Nothing can be more frustrating than winter damage on plants caused by wildlife. Rabbits, in particular, can cause major damage in the winter, especially to thinner, more tender shrubs. More established plants, such as this Bridal Wreath Spirea and Eastern Redbud, will be able to recover from the winter grazing and naturally heal over their wounds.
This winter has resulted in a higher amount of rabbit damage than normal. The weather was colder and produced more snow than typical winters, where rabbits and other wildlife had a more difficult time finding food. Because of their desperation, you may see damage to shrubs or other plants you’ve never noticed before. This spring, keep an eye on plants that experienced rabbit damage. You may be surprised to find that many will naturally recover, possibly even thrive from a “natural pruning”, while others may be beyond reasonable repair.

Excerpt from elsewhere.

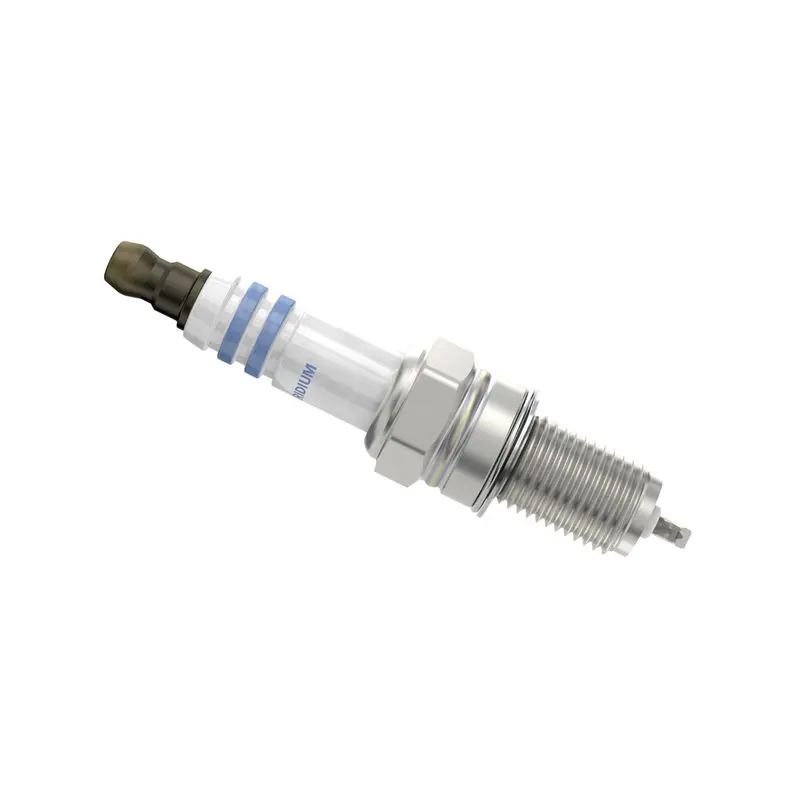 Handler.Part Spark plug Bosch 0242140514 4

When assessing rabbit damage, consider selective pruning as an alternative. Seen on the photo to the left, this young Buttonbush had almost all its stems bit off, leaving only one older stem. For a more attractive, healthy plant, prune the nubs left by the rabbits by pruning the stem down to the next bud, remove odd looking stems (such as the one older stem), then allow spring growth to emerge. Soon, this shrub will pick up where it left off, being a step behind in growth, but still in tact. Flowering may not be present this coming season, because of the extent of damage.
Once the leaves fall next Autumn, plan to protect the plants you discovered can be a favorite of the neighborhood rabbits from future winter damage. Wrapping plants with fine, black netting (also called deer netting-see photo below) is a great way to keep the plant protected from critters, while still allowing the plant to breath and receive sunlight. Make sure and secure the netting around the bottom of the plant to protect the main stem and keep the netting from becoming compromised.